Friday, June 22, 2012

Round & Round

He is with her in turkey. Another overseas holiday. Another tick to my pathetic book of self torture. Why i facebook stalk him? Why i facebook stalk her? I know its unhealthy. I know i have this unhealthy obsession with all of my ex boyfriends. I can recognized it but i cant change it. Its disgusting. Im disgusted in myself, in my behavior. I want to stop it. But im addicted - like a drug addict. Its so bad for me but all i can think of is my next hit. 

Its starting again. I wont let myself get to that stage again. I will be skinny. I will be beautiful. My face has started to puff. My legs have started to "tree trunk". I have the inspiration i need.

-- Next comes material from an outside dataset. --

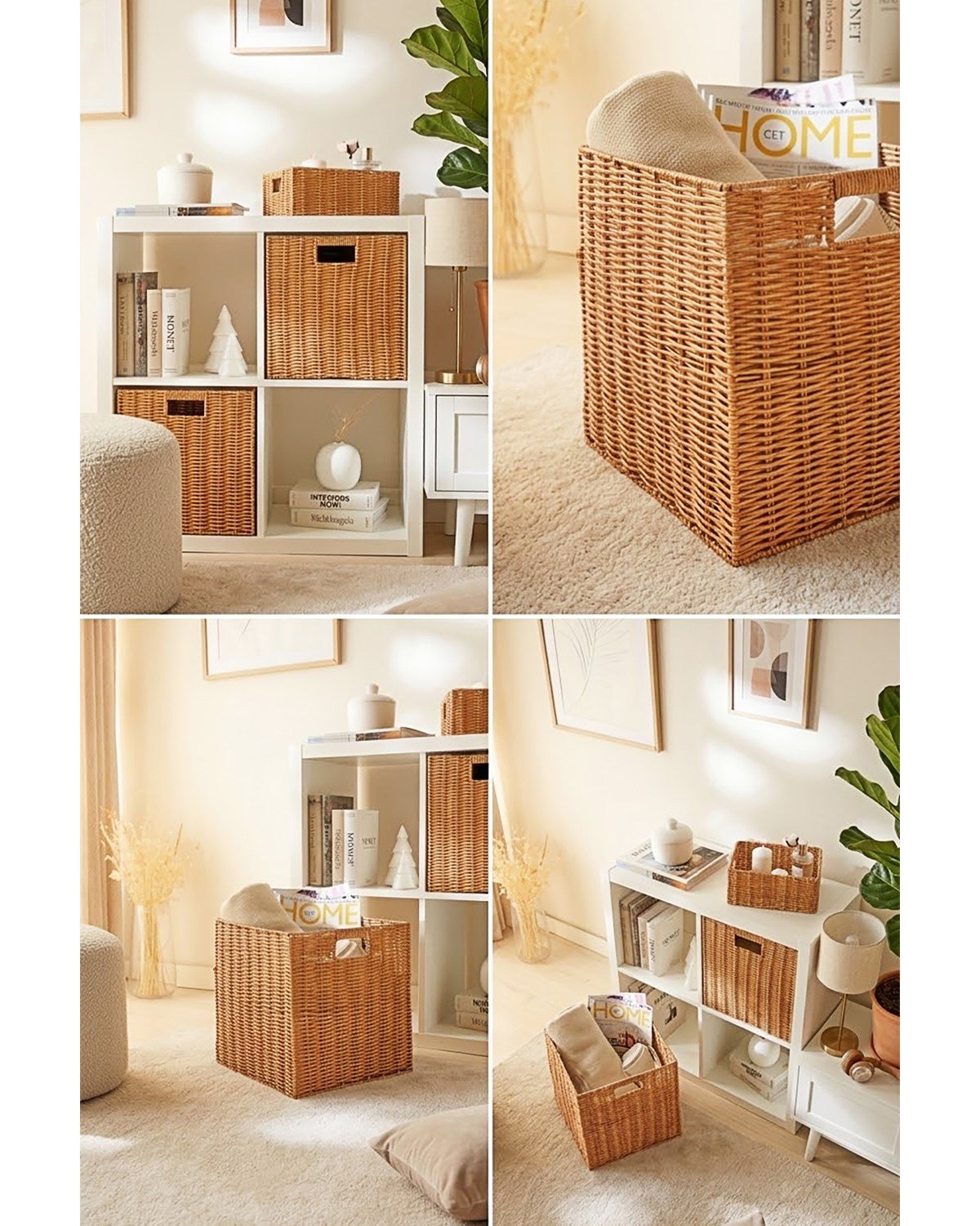 Yıkanabilir Bej PP Rattan Sepet 33 x 33 x 33 cm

I need to slow down on my eating patterns. Im working a lot so im eating anything and everything i see. I first need to shrink my stomach. Than i can slowly reduce what i shove into my mouth. I want to be beautiful so desperately on the outside i think that its rotting the inside.... Lord help me be the best person i can. Because this half  shell of a person isnt enough anymore and im so scared the darkness is creeping back, back inside of me.

2 comments:

Ana's Girl said...

Sounds like you've had some emotional eating. I have that problem more than anything. If i'm even slightly upset i eat like a fool. We can overcome that though. You're right about shrinking your stomach and then not even being able to eat as much. We've done it before; we can do it again.

ZeroCalorieKid said...

Love the metaphor of round and round. Yep stop the world and let me off!! Sometimes things r so crazy!!